_Problem details_:
Your job is to report every line of the entries that has "with".

_Data for review_:
________________________
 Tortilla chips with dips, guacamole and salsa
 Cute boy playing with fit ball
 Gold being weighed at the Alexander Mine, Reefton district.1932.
________________________
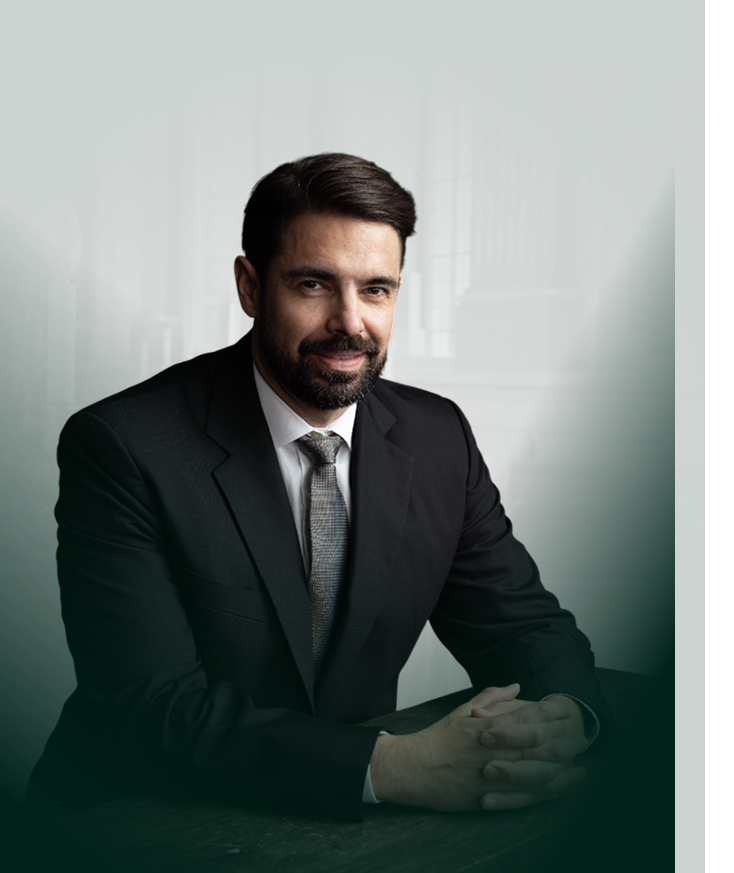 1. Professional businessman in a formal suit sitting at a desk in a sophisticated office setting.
________________________
_Expected answer_:
 Tortilla chips with dips, guacamole and salsa
 Cute boy playing with fit ball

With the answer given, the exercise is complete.